§ Work to complete: Reproduce, exactly, the lines of the material below from the line containing "Great, we've now" through the line containing "Through Language Terminal, you", with both end lines included and nothing else.

§ Data excerpts:
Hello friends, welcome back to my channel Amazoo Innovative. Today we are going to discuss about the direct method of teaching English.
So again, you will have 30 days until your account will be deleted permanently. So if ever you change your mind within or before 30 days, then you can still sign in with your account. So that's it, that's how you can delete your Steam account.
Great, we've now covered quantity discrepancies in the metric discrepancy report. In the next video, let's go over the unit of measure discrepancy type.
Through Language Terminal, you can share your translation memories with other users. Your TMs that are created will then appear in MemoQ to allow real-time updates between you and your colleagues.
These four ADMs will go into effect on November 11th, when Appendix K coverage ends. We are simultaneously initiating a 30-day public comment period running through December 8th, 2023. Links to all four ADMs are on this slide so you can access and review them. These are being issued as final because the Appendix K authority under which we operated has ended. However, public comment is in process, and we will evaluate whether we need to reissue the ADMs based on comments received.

--

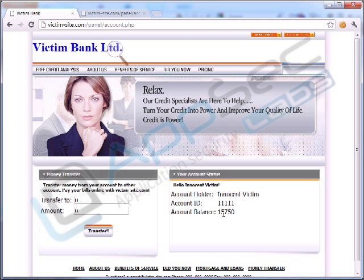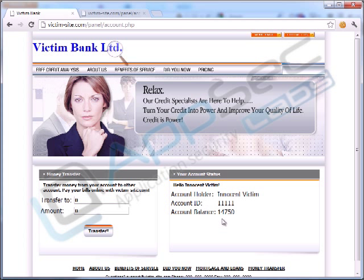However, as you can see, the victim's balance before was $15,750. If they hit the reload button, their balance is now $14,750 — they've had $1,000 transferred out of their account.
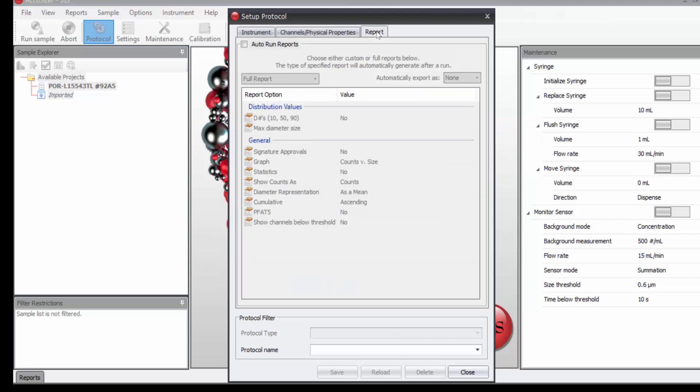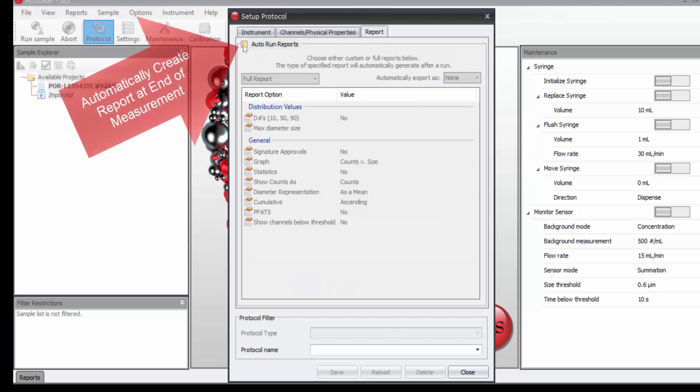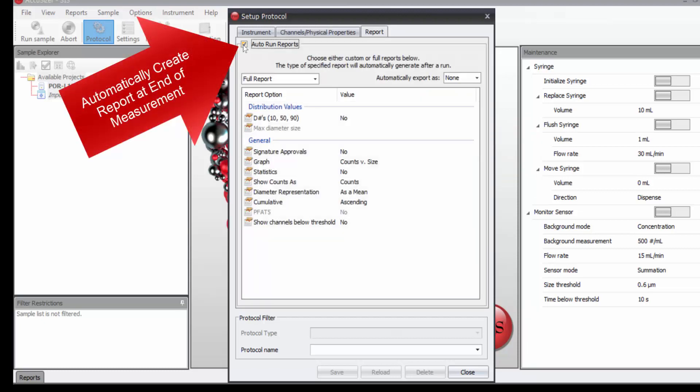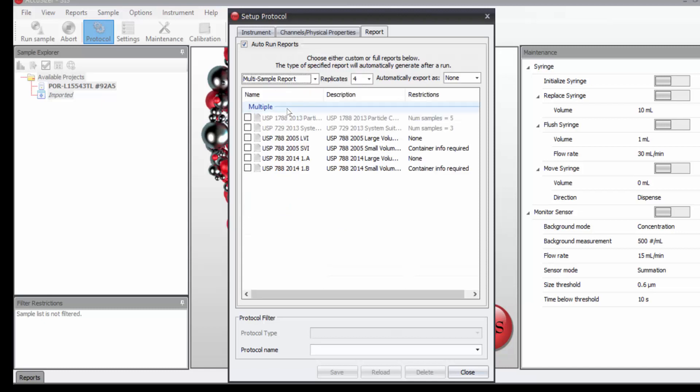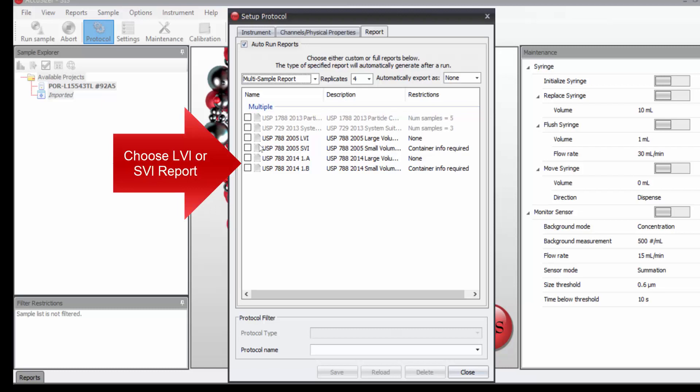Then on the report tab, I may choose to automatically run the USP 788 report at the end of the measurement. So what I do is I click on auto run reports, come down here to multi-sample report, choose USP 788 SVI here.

§ Exercise response:
Great, we've now covered quantity discrepancies in the metric discrepancy report. In the next video, let's go over the unit of measure discrepancy type.
Through Language Terminal, you can share your translation memories with other users. Your TMs that are created will then appear in MemoQ to allow real-time updates between you and your colleagues.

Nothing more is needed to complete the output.